Files (4 ct): CPB_.tar.gz

Each tarballed file contains a directory of files that represent the multiple sequence alignments (multi-fasta format) of chemoreceptor genes used for intraspecific comparisons in the Tajima's D and McDonald-Kreitman test. We used whole-genome resequencing data (NCBI PRJNA580490) to compare nucleotide diversity and signatures of positive selection in olfactory genes between pest and non-pest lineages of L. decemlineata. We first used SNP genotypes identified by Pélissié et al. (2021) as input for BEAGLE 4.1 (Browning and Browning 2016) to generate phased, genome-wide haplotype sequences (two per individual) and then isolated chemosensory loci of the annotated families. Each file is named by the gene name, and the entries represent individual samples of Leptinotarsa decemlineata (e.g. ">CPBWGS_"). See Supplemental File 1 Table S1 for a key to the individual ids.

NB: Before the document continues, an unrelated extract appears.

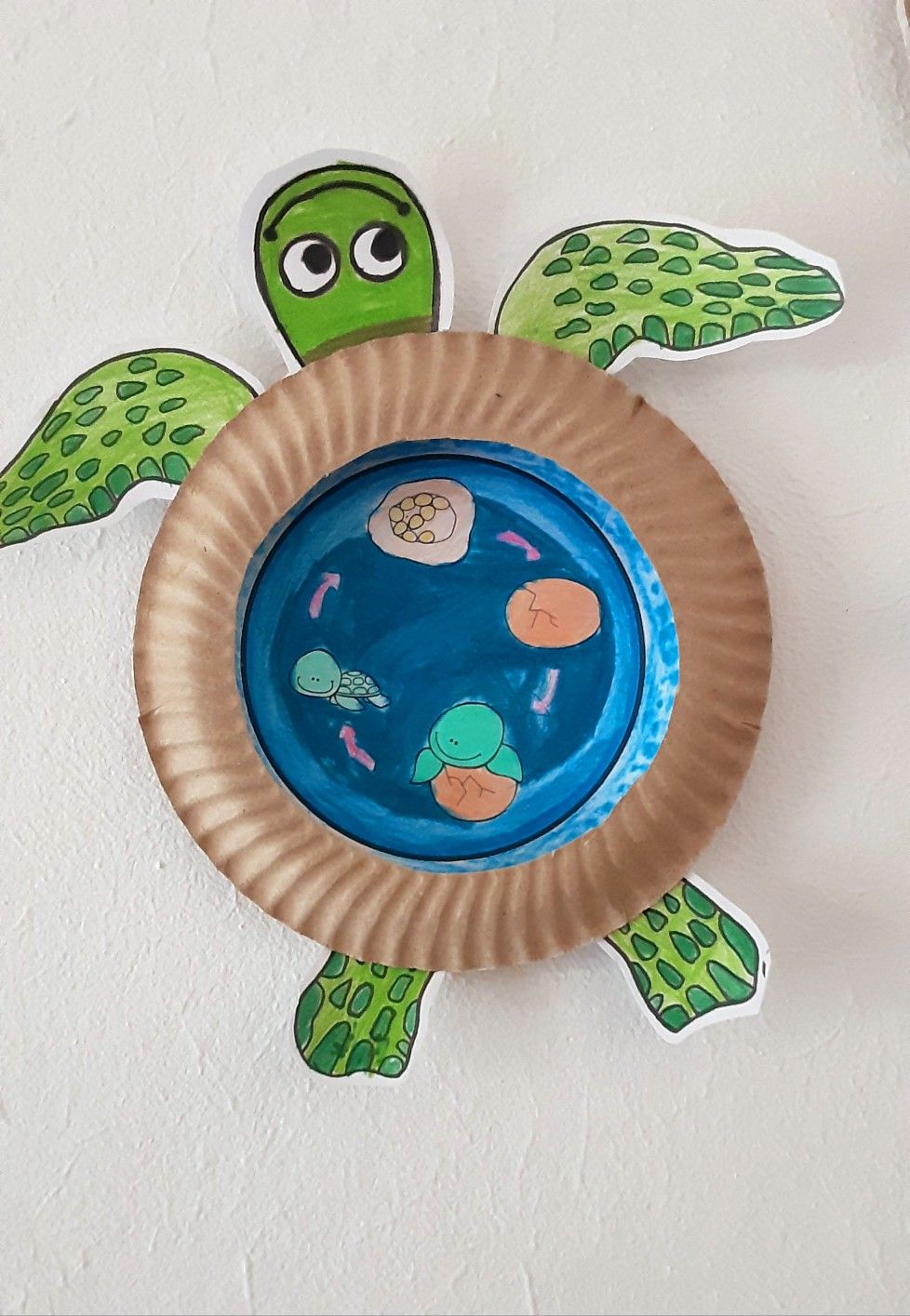 Turtle Life Cycle Craft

File (1 ct): Trinity_denovo.zip

This fasta file contains the de novo transcriptome nucelotide sequences generated for chemosensory gene annotation. RNA sequencing reads (NCBI SRA Accessions: SRR1948057 and SRR1948059, 2 x 100 bp, HiSeq2000) from Wisconsin antennae and palps tissues were used to generate this assembly. using the software Trinity v2.3.2 (Haas et al., 2013). We first trimmed adaptor sequences and low-quality bases from Illumina reads using Trimmomatic v0.36 (Bolger et al., 2014), and then used default settings to assemble a transcriptome in Trinity.